Первое из этих утверждений Ленина является, можно сказать, политическим, а не аналитическим. Ленин говорит о «вопиющем» факте — иначе говоря, о крупном общественном явлении. А объяснять его приходится изменой , категорией нравственной, сводимой к личным качествам. На деле же речь идет о принципиальном выборе множества людей, целого социального слоя — левой политической элиты всей Европы. Эту элиту составляли люди не просто воспитанные в марксизме и его прекрасно знающие, но и люди, воспитанные в личном контакте с Марксом и Энгельсом, их ближайшие ученики и соратники.

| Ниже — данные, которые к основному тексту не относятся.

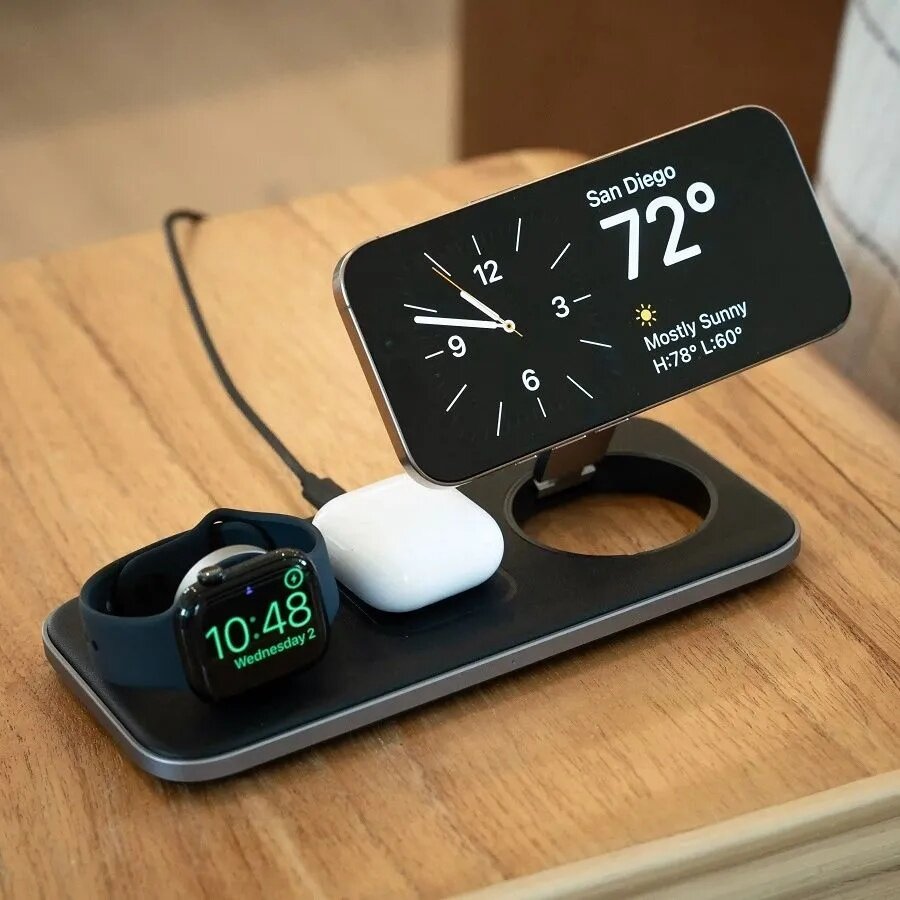Беспроводная зарядка Satechi Qi2 Trio Wireless Charging Pad Беспроводная зарядка Satechi Qi2 Trio Wireless Charging Pad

«Вопиющая измена своим убеждениям» такого масштаба представляется совершенно неправдоподобной. Другая, более логичная версия заключается в том, что все эти люди как раз и следовали своим марксистским убеждениям. Национал-либеральный и шовинистический характер, проявление которого Ленин называет изменой, изначально был присущ рабочим партиям Запада, он лишь был идеологически оформлен и подогрет всей совокупностью утверждений Маркса и Энгельса по национальному вопросу. В более спокойные времена он был прикрыт классовой риторикой и повседневными проблемами классовой борьбы, а при глубоком общеевропейском кризисе вышел на первый план — без всякой «измены» установкам марксизма.
Эта вторая версия Лениным не просто отметается, но даже и не оглашается. Это понятно, потому что в противном случае он должен был бы открыто порвать с марксизмом в ряде его фундаментальных положений. Но тогда у него не осталось бы возможности даже вести дискуссию, его бы просто не стали слушать, и он сразу оказался бы в ситуации Бакунина и был бы исторгнут из социал-демократической среды внутри и вне России. Начать собирать III Интернационал и продолжать укреплять фракцию большевиков в российской социал-демократии можно было только под знаменем марксизма, объявив практически всех действительных марксистов ренегатами .
Но и это означало полный разрыв почти со всей левой интеллигенцией России и Европы, которая реально знала и понимала марксизм и следовала его установкам. После этого разрыва Ленин мог опираться только на ту массу «красных», которые усвоили в марксизме лишь общий освободительный пафос («ценности равенства и справедливости») и десяток лозунгов — и, будучи полностью заняты злободневными задачами политической борьбы, уже не имели времени, чтобы заняться изучением марксизма (вплоть до 60-80-х годов ХХ века, после которых и произошла вторая «вопиющая измена своим убеждениям» всей европейской и советской марксистской элиты, уже «коммунистической»).
Разрыв с марксистской элитой, на который пришлось пойти Ленину в 1914-1915 гг., был настолько глубок и непримирим, что не будет преувеличением считать его неявным объявлением той Гражданской войны, которая состоялась в 1918 г. между большевистским и национал-либеральным крыльями русской революции.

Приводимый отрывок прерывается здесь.